The current advertising rule was adopted by the SEC in 1961 – 60-plus years ago – when computers were unheard of and the internet didn’t exist. Will the SEC’s new marketing rule set us up for another 60+ years? Or will ever-evolving technology push the SEC to act faster? Will social media someday be replaced by alternate reality (AR), virtual reality (VR), the metaverse and web3? Only time will tell.
Key points for advisers to consider
In the meantime, here are some key points advisers should consider on their usage of social media with the impending new marketing rule:
- Presently, advisers may choose to adopt the new marketing rule entirely, but may not cherry pick what works for them under the new marketing rule and pair it with elements of the old advertising rule
- With pages like /wallstreetbets going strong, the SEC commissioner signaled that the agency’s focus is on fraud, misleading other investors and manipulation of the markets – not free speech.

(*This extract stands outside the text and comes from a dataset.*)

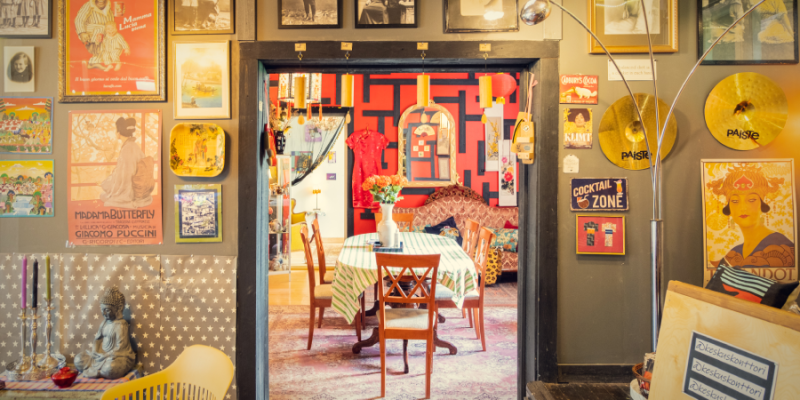 Värikäs ja persoonallinen ravintolasisustus, jossa näkyy retrohenkisiä julisteita, taidetta ja soittimia seinillä sekä kukkakimppu ruokapöydällä keskellä huonetta.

Social media communication has also given rise to advisers conducting data scraping or purchasing data obtained from social media platforms
- Live and oral communications are excluded under the new marketing rule, but scripted remarks are included. If the adviser reposts a recording and the content offers investment advisory services, then the post would bring these in scope
- Branded content and general market commentary that don’t offer advisory services are not considered marketing
- If an influencer or other third party posts about the adviser on their social media account, it will be considered the adviser’s marketing if the adviser was involved in preparing the content (entanglement), or if the adviser explicitly or implicitly endorsed or approved the content (adoption). Both entanglement and adoption concepts are a ‘facts and circumstances’ determination
- Merely permitting the use of ‘like,’ ‘share’ or ‘endorse’ features on social media platforms would not implicate the rule. However, if the adviser does things like edit the comments, prepare the comments or modify the presentation of comments so that positive comments are prioritized, then the comments will be attributed to the adviser
- Advisers are accountable for third-party content linked by the adviser’s social media page
- Posts made by employees on personal social media accounts will not be considered the adviser’s marketing if the adviser has adopted policies and procedures prohibiting such communications, conducted periodic training, and reviewed content on personal social media pages
- Testimonials and endorsements are allowed under certain conditions. Advisers compensating influencers or bloggers, for example, will need to re-evaluate their agreements with such ‘promoters,’ confirm the required disclosures are included, and that these promoters are not ‘bad actors’ subject to disqualification
- Implement a ‘neutral’ policy based on pre-established, objective criteria to remove inappropriate content
- Archive social media pages for monitoring and to comply with record retention requirements
It’s time to take action
The following is a list of action items that CCOs can complete to prepare for the compliance deadline:
- Conduct a thorough review of the firm’s marketing and investor relations efforts. For example, mapping out direct vs indirect; existing vs prospective clients; clients vs private fund investors; existing services vs offering of new advisory services; one-on-one vs more than one; contains hypothetical performance or not; oral vs written; the medium utilized for marketing; materials used; how materials are disseminated, etc.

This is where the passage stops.